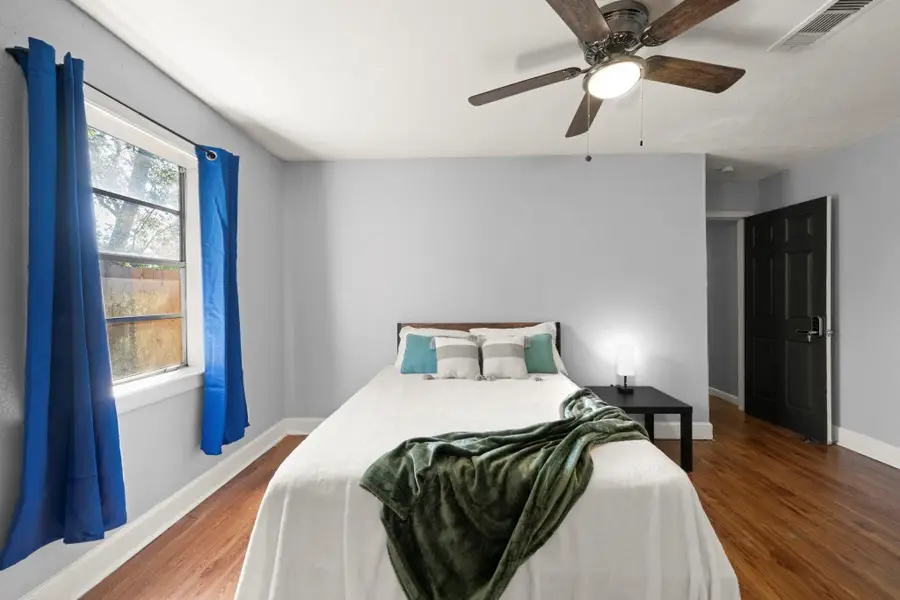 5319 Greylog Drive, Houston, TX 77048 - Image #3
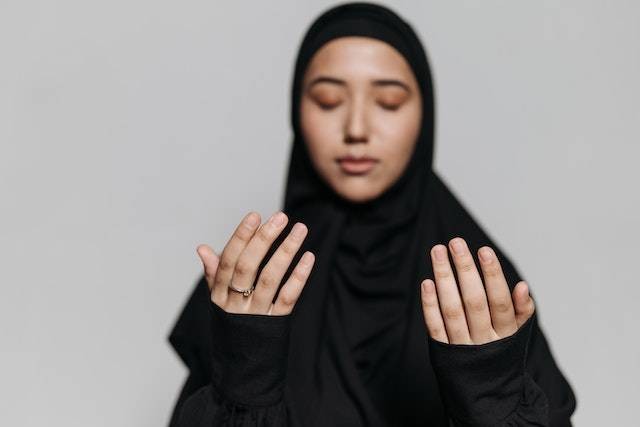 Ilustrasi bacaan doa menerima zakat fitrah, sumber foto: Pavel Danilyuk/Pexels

---

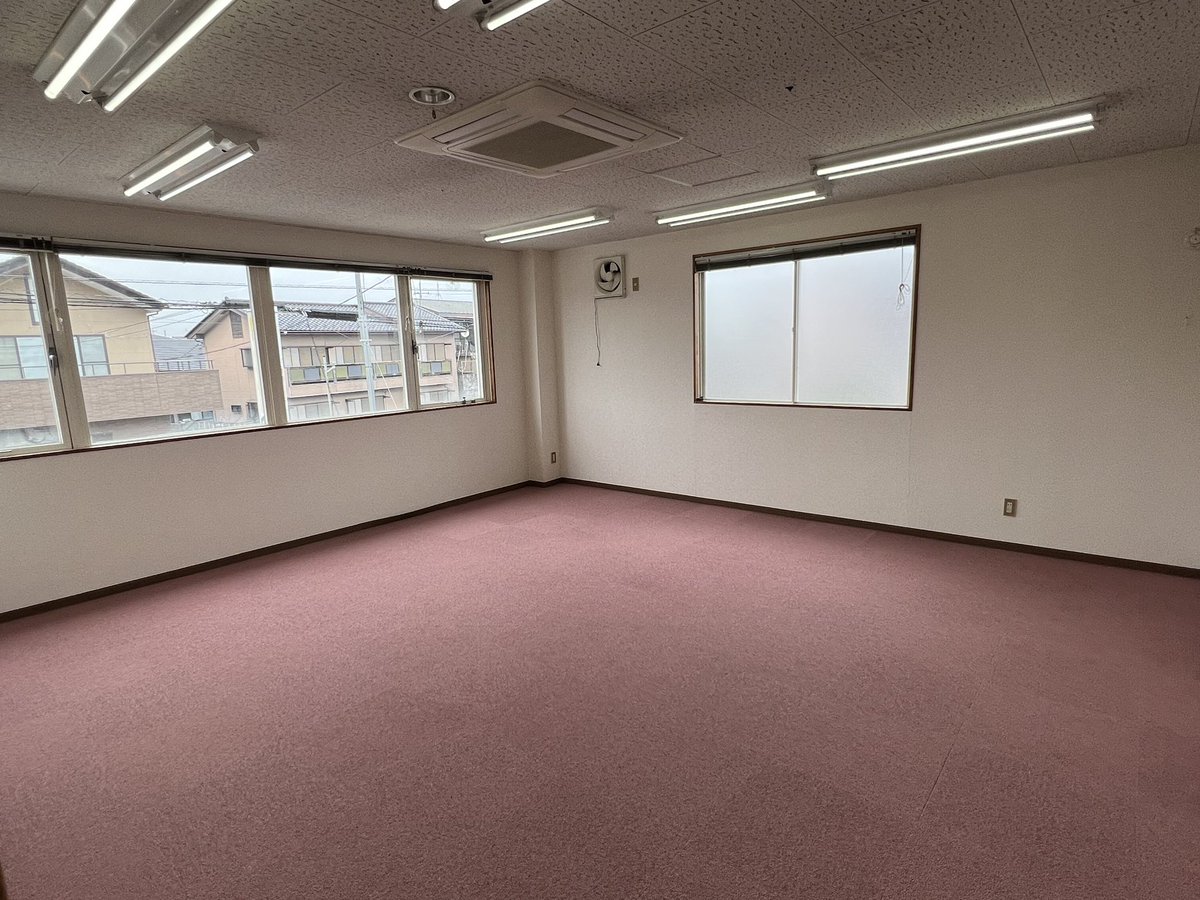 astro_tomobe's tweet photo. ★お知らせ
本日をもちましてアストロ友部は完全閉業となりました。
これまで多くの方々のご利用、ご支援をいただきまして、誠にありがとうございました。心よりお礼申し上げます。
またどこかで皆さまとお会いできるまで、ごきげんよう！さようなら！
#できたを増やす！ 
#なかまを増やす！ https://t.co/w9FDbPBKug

REQUIRED ACTION: Now transcribe the lines above exactly, starting at the line containing "5319 Greylog Drive, Houston, TX" and ending at the line containing "Ilustrasi bacaan doa", both lines included, pictures excluded.

REPLY:
 5319 Greylog Drive, Houston, TX 77048 - Image #3
 Ilustrasi bacaan doa menerima zakat fitrah, sumber foto: Pavel Danilyuk/Pexels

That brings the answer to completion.